Emilia, as she dubs herself, is played by the Spanish telenovela star Karla Sofia Gascón, all hiss and menace in her pre-transition scenes before she is reborn as a gentle and sophisticated woman of the world. Not everything has been magically changed for the better, though. Emilia misses her wife, Jessi (sharply played by Gomez), and their two young children. Thus she enlists a wary Rita’s help once more, hatching a scheme that will reunite the family in Mexico. Emilia is now posing as a distant cousin of the crime lord, who is assumed dead. As disarmingly sweet as the film can be, Audiard is ever plucking a string of suspense in the background. Emilia was, after all, quite a dangerous person in her previous life, and surrounded herself with dangerous people. This could easily all go horribly wrong. Watching Emilia Pérez, it’s hard to know what tone to trust; is this an uplifiting story of redemption, or of terribly inevitable tragedy?

It’s sort of both, a celebration of the power of positive change and a fable about the far-reaching consequences of violence. On the brighter end of things, Emilia Pérez is a warmhearted depiction—albeit in outsized terms—of the good that results from transition. Emilia stepping into her fullest self is a triumph in its own right, but it also opens her eyes to the errors of her ways, and of the world’s. Emilia becomes a champion of the missing, working with Rita to locate the remains of people who could very well have been killed by her own underlings. Emilia Pérez may exonerate a vicious murder a little quickly, but in the loopy and loving context of the film, we believe in the arc.

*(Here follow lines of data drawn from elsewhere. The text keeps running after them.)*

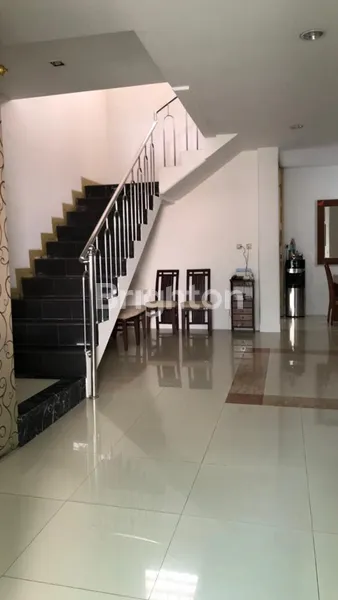 image RUMAH HOEK 2,5 LANTAI DI RAMBUTAN TIMUR (6)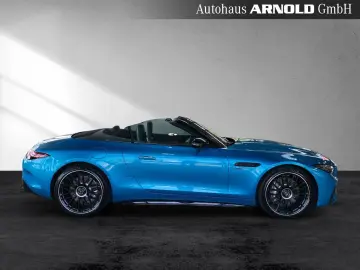 MERCEDES-AMG SL 43_Burmester_HUD_360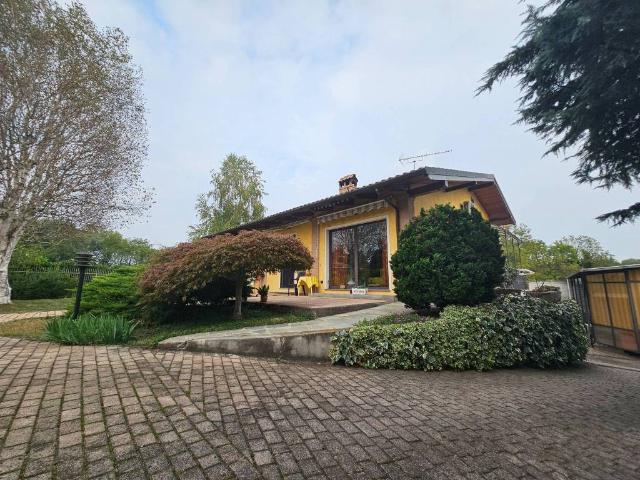 Villa Indipendente in vendita a Tedeschi, Leini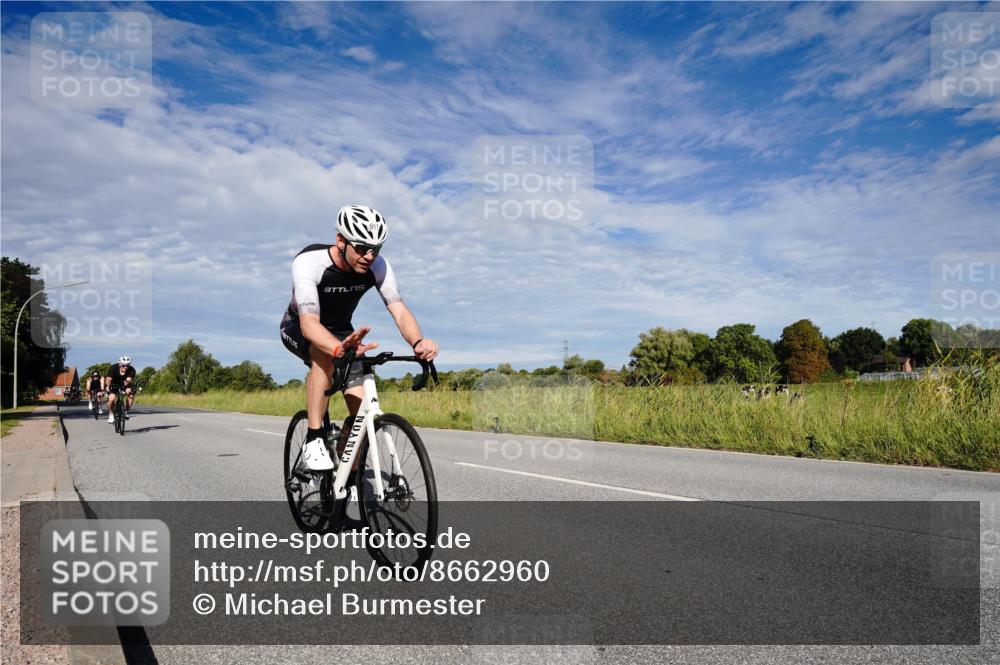 31.08.2025 - Elbe Triathlon Hamburg Michael Burmester http://msf.ph/oto/8662960 31.08.2025 09:30:13 Radfahren 213, 431, 465, 527, 534, 613, 617 meine-sportfotos.de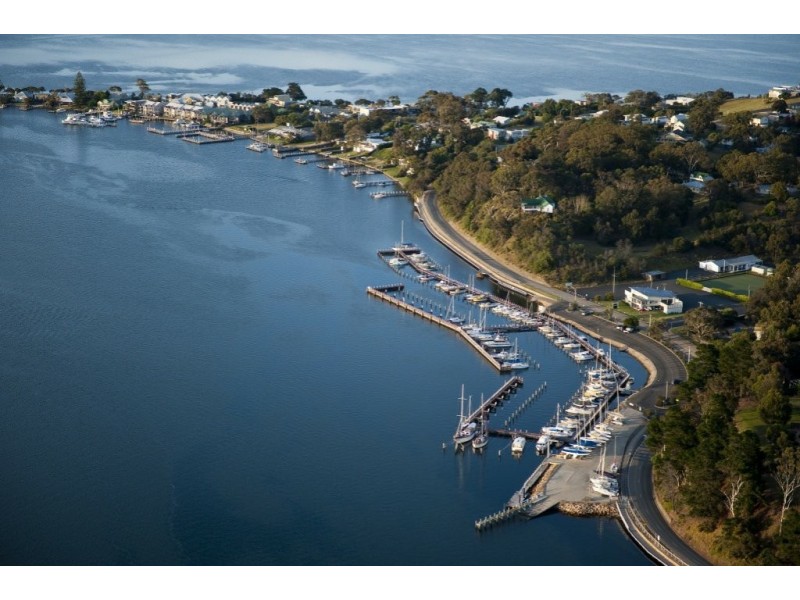 16 Plateau Avenue, Metung VIC 3904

That’s largely because Gascón sells it so persuasively. Her performance is intriguingly textured, at once hopeful and haunted. She builds an appealing and credible rapport with Saldaña, who is also terrific. Rita is one of a very few people who know who Emilia once was, which terrifies her. But she is also drawn to this wholly bettered person; she and Emilia become friends and allies, perhaps a testament to some wild cinematic version of restorative justice.

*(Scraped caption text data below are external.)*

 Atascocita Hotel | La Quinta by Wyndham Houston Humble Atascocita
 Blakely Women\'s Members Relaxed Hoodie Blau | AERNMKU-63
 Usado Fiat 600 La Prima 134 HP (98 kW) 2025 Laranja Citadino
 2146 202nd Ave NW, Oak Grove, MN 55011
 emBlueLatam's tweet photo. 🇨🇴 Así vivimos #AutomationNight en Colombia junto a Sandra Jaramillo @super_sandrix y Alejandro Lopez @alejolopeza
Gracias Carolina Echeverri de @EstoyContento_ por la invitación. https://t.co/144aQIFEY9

This is a really exciting pivot for Saldańa, who is great in her many enormous sci-fi franchises but has rarely had an opportunity to do something this artful, to play a fully realized person. And to sing and dance, of course. (Though Center Stage heads have long known that Saldaña can move.) No one here is doing Broadway belting, but they’re all in pleasingly confident voice. The actors gracefully maneuver the sing-speak of the film—dialogue turns to music with little warning, which makes it all seem more natural than if the characters stopped, cleared their throats, and then burst into song.

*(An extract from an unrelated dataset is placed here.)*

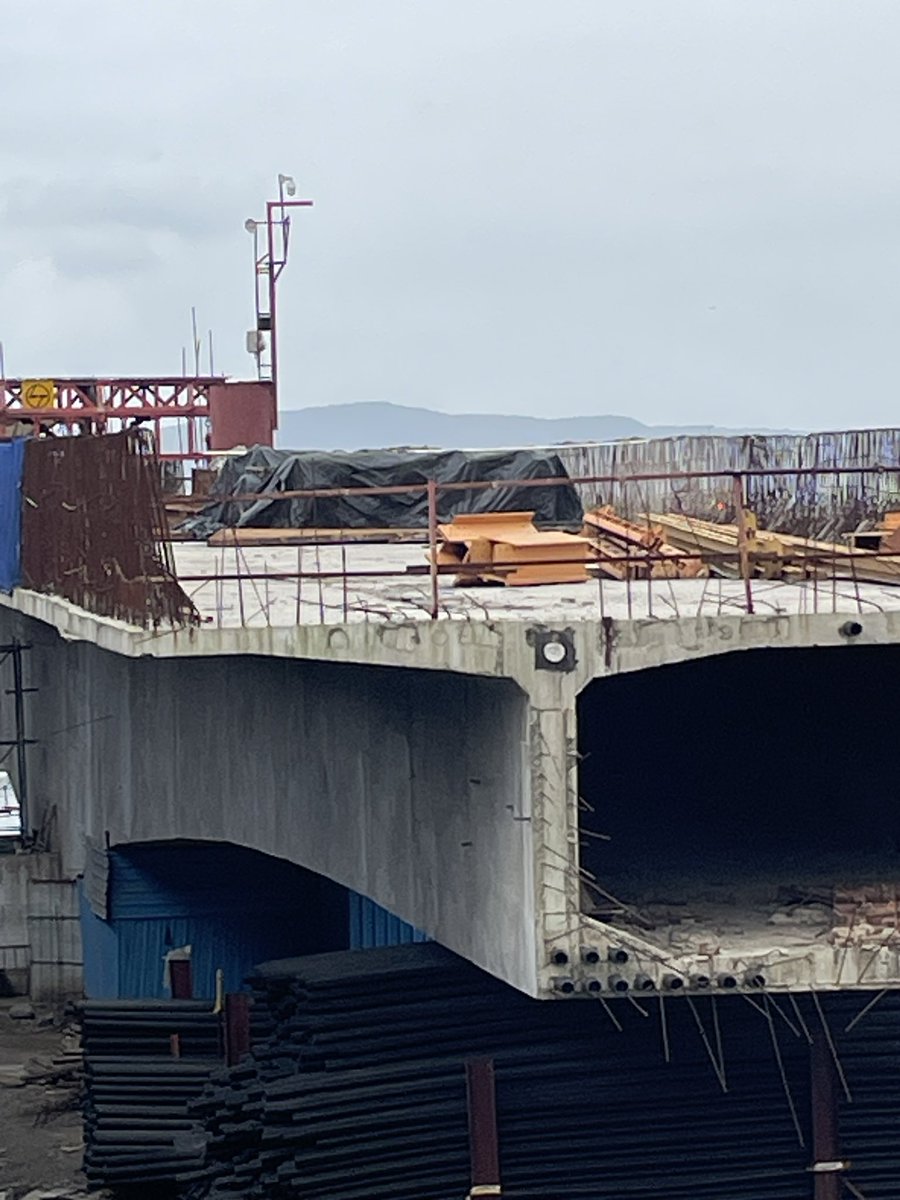 AanndVanjape's tweet image. New Vashi Bridge in the making! What makes it so strong? #Structure #StructureDesign #Construction #Engineering #Civil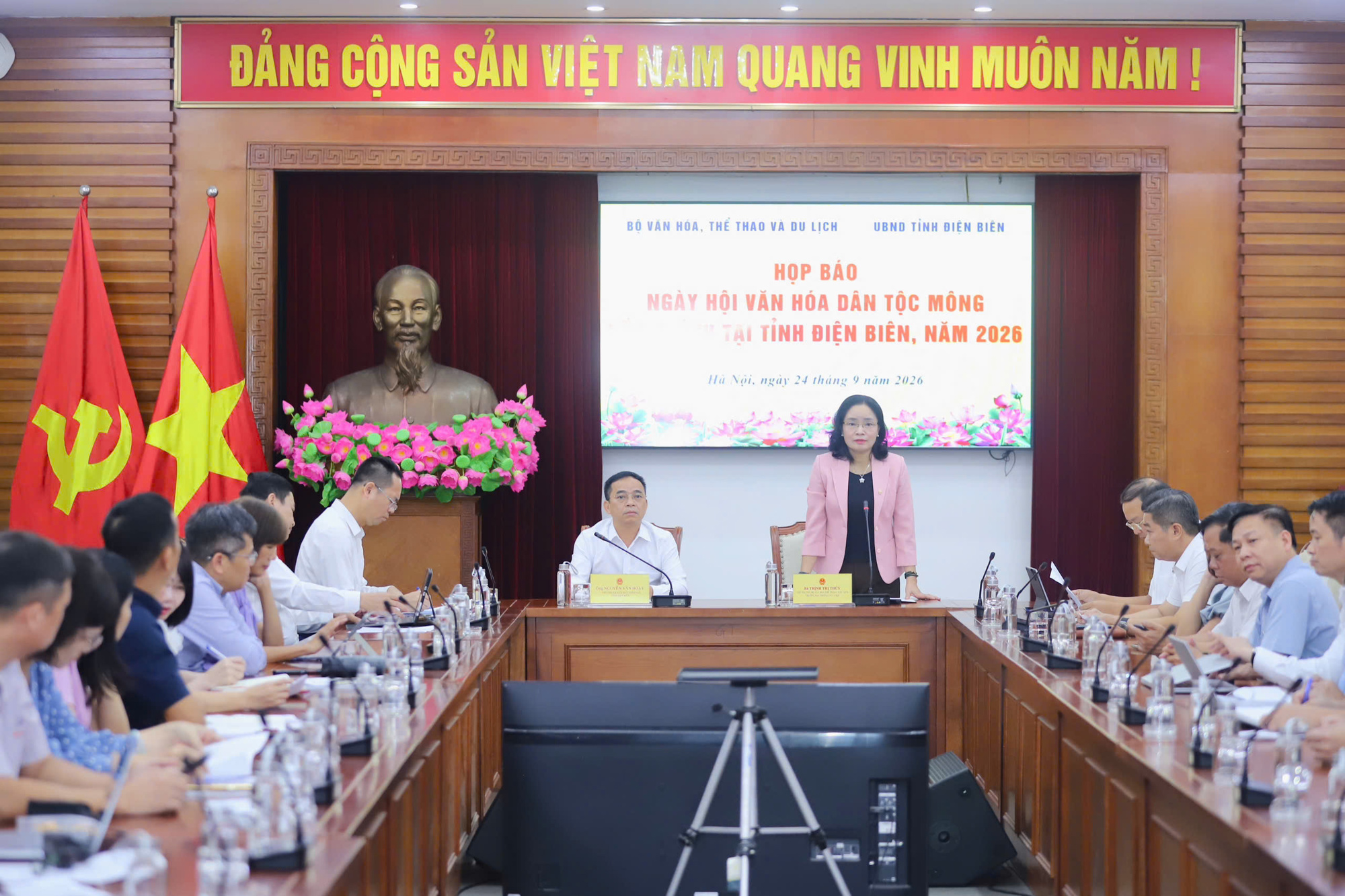 Ng&agrave;y hội văn h&oacute;a d&acirc;n tộc M&ocirc;ng lần thứ IV diễn ra tại Điện Bi&ecirc;n- Ảnh 1.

To be fair, Emilia Pérez is not going for naturalism. It is an ornate melodrama—full of fabulous costumes, dotted with winks of wry humor, beguilingly idiosyncratic. There is, I’m fairly certain, no other movie like Emilia Pérez, a movie that is sure to alienate some: the song in which a chorus of doctors detail the many procedures that could be part of a gender confirmation journey will probably raise some alarm bells. Audiard could have aimed for a bit more careful nuance there. But hopefully the film will thrill many others. Emilia Pérez charms, partly, because of its imperfections, its bold choices that don’t always neatly land. The film walks a fine line between daring and ridiculous, and unlike some other big-swing movies at this year’s Cannes, Emilia Pérez stays mostly on the side of good. Its heart is in the right place, as its style. As is Emilia herself, at long last.